Buzz and Brilliance: Week ending November 5

In general, the news this week was pretty lackluster - nothing really huge going on, but that doesn't mean there wasn't lots going on anyway, unless you're Google.

The more I see complaints about privacy (especially in regard to Facebook), the more frustrated I become. Look for more on that in the coming week. But, this post from Kelly Clay at Lockergnome really hits the nail on the head when it comes to all the people I see threatening to leave Facebook. Really? Will you? Because it's where your friends are, so are these serious threats or simply expressions of frustration? That said, will those who stay fill in their timeline now that they can back date posts?
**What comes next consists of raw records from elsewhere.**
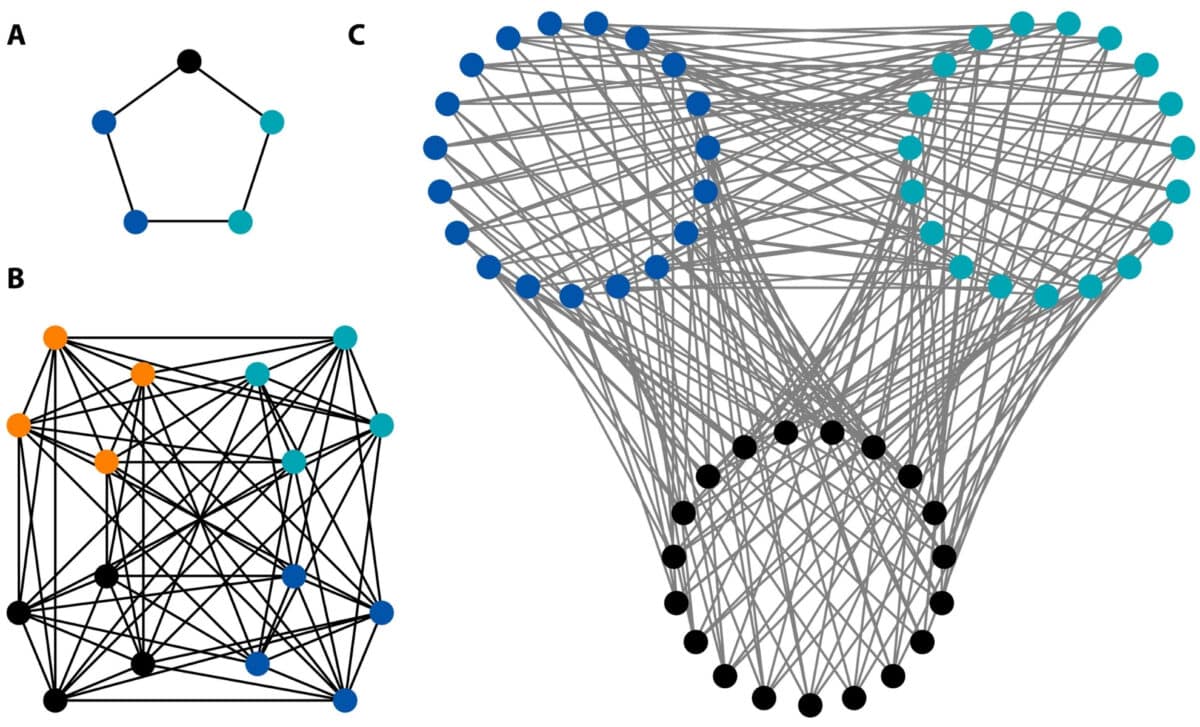 Graphs Of Exclusivity
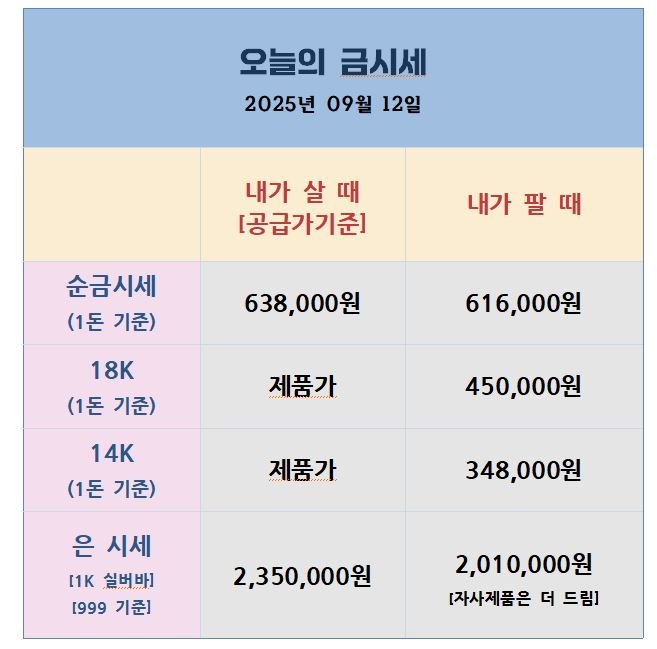 "2025년 9월 12일 기준 순금, 18K, 14K, 은의 매입·매도 가격을 표시한 시세표"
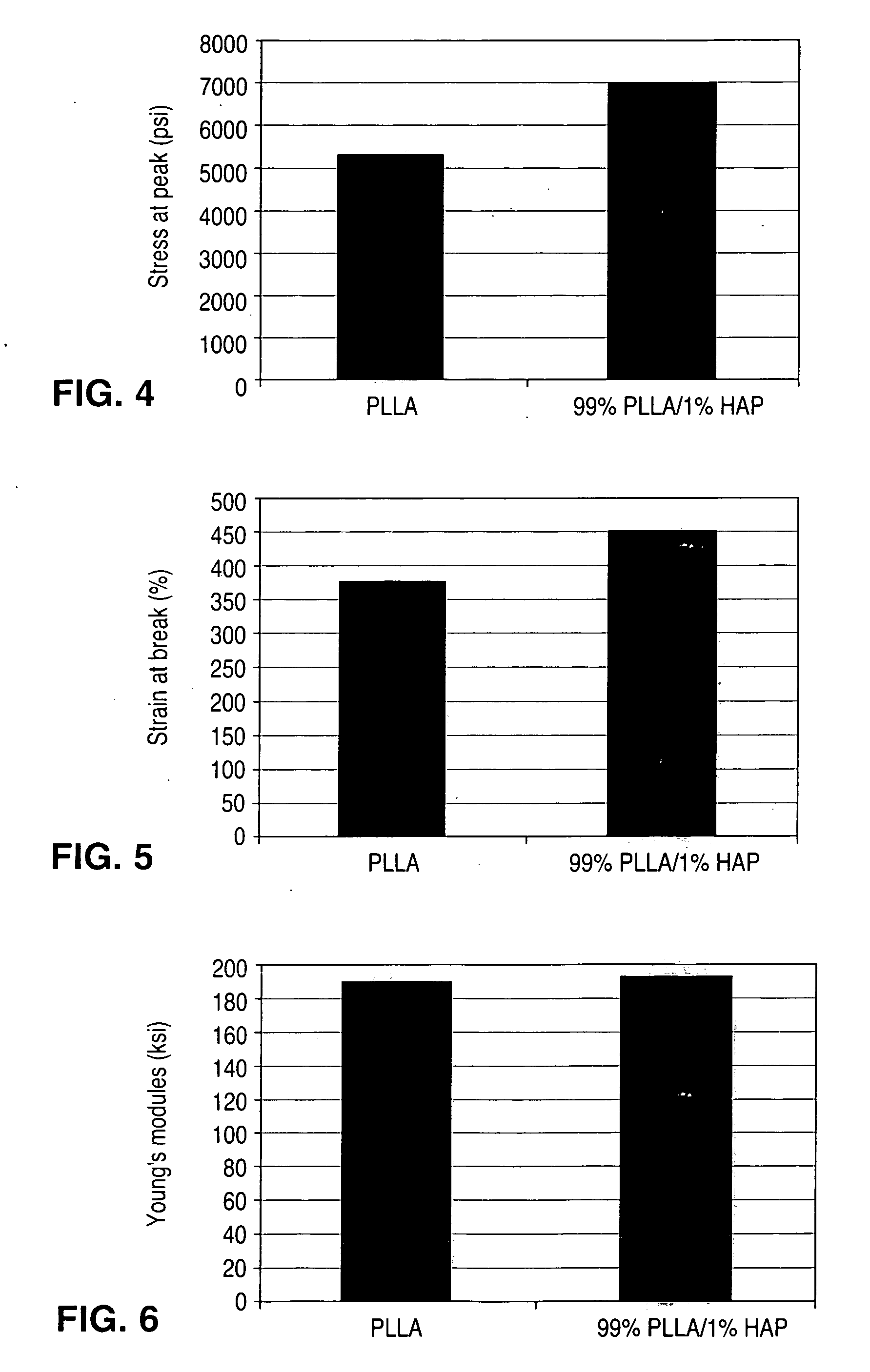 Copolymer-bioceramic composite implantable medical devices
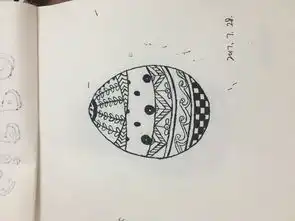 铃铛子21天简笔画团练第一次作业01号噼里啪啦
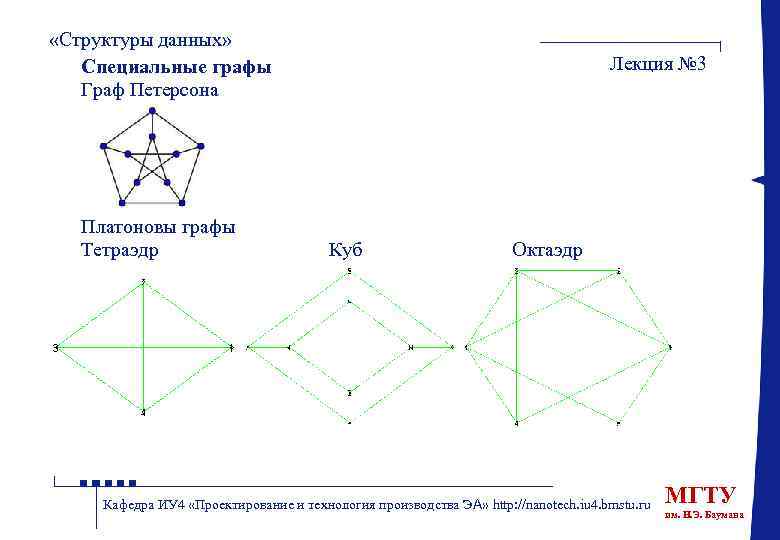  «Структуры данных» Специальные графы Граф Петерсона Платоновы графы Тетраэдр Лекция № 3 Куб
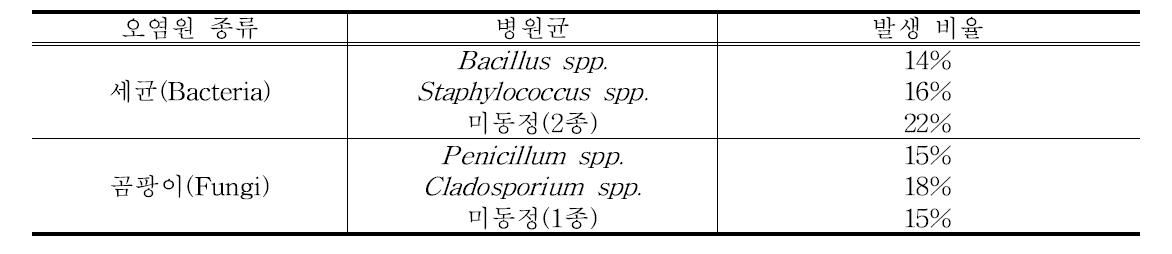 배양 오염원 종류 및 발생비율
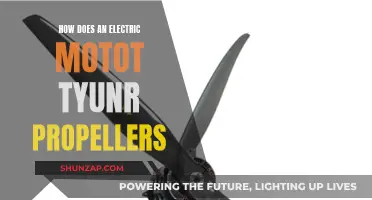 Electric Motors: Powering Propellers with Precision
I'm still very much up in the air about doing this. Partially because of time (I don't have any). Partially because of privacy (I'd like to keep it).
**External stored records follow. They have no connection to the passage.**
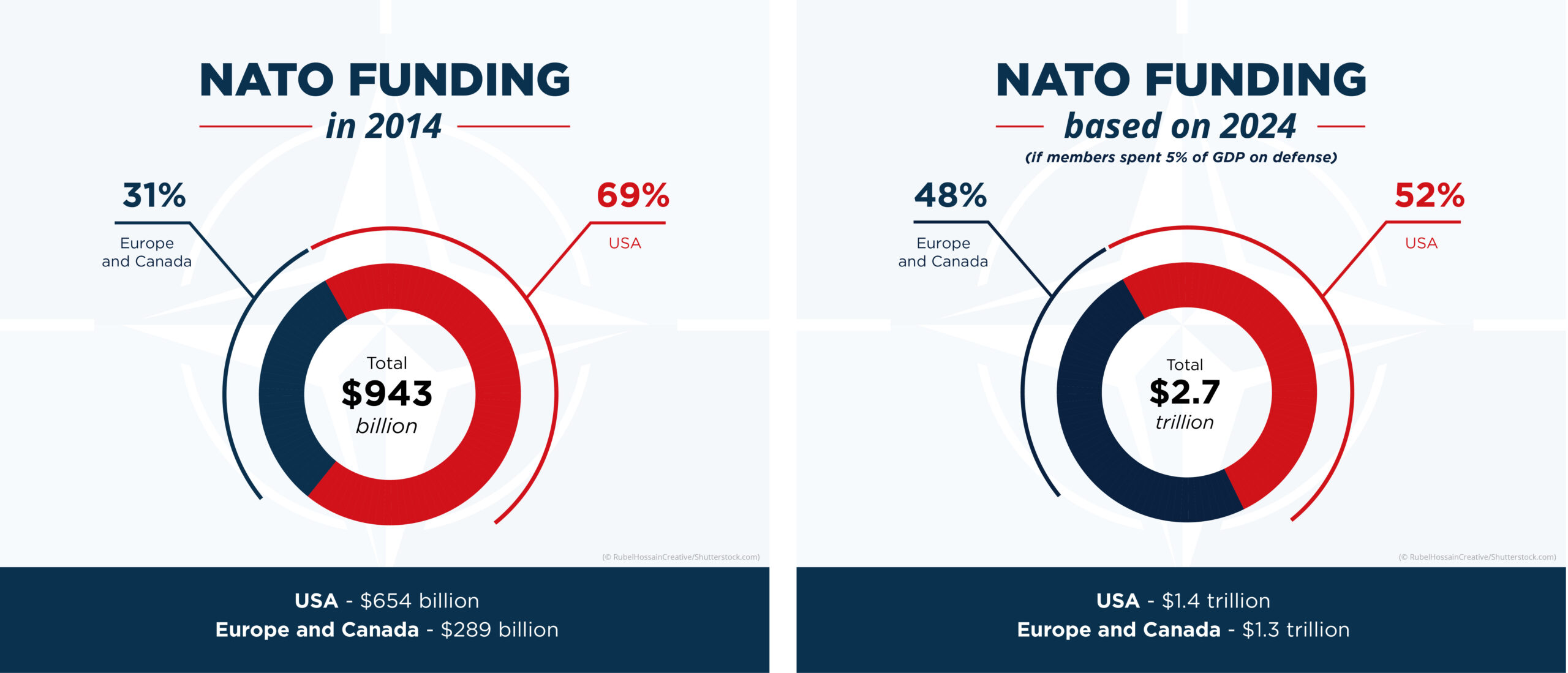 Graphic showing sources of NATO funding in 2014 and 2024 (State Dept./H. Efrem)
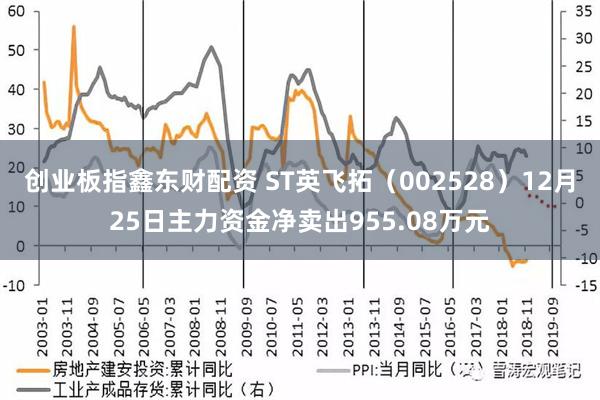 创业板指鑫东财配资 ST英飞拓（002528）12月25日主力资金净卖出955.08万元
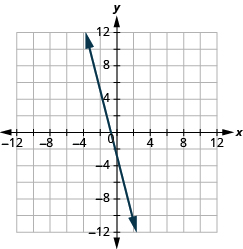 The graph shows the x y-coordinate plane. The x and y-axis each run from -12 to 12. A line passes through the points “ordered pair -1,  4” and “ordered pair 0, -3”.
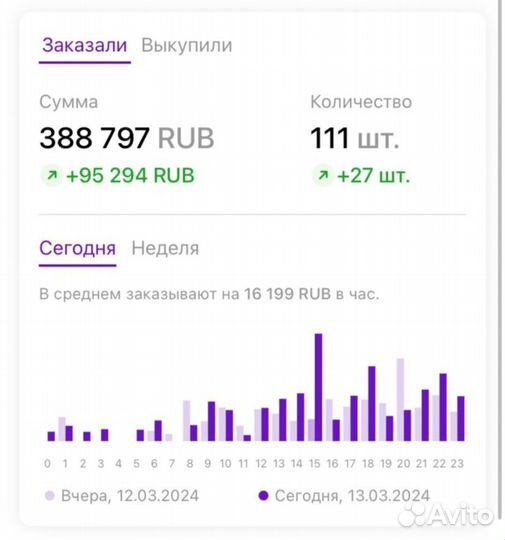 Запуск бизнеса на wildbеrriеs под ключ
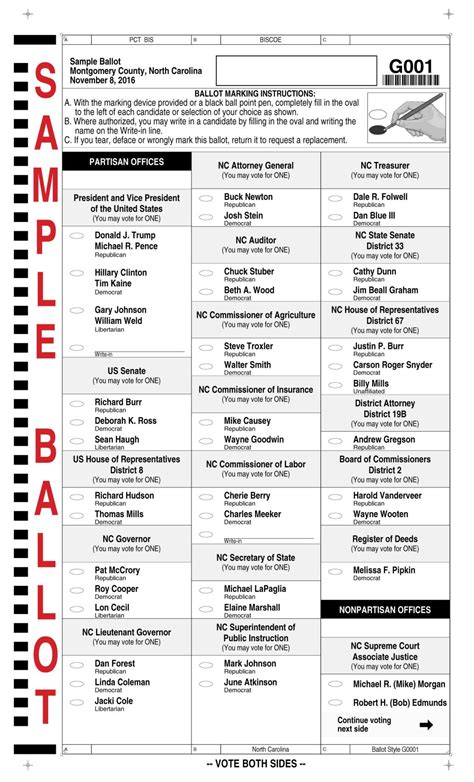 Sample Ballot for November 8th General Election | News | montgomeryherald.com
In the ever-popular commentary on the war between Facebook and Google+, a new angle was introduced this week when Google integrated G+ with Google Apps - the enterprise angle. Mashable guest poster, Balakrishna Narasimhan, believes that could be the key to victory and the commentary is interesting, but I say that's just another huge difference that sets Google+ apart and makes it complementary to Facebook. Of course, guest poster, Aidan Hijleh, on All Facebook would probably disagree with me - they think Facebook is going to win. When I read commentary like this from Social Times, I'm convinced that the market that Google is targeting isn't your mom, dad and high school classmates. I've always looked at Google+ as a cross between Facebook and LinkedIn anyway...sort of.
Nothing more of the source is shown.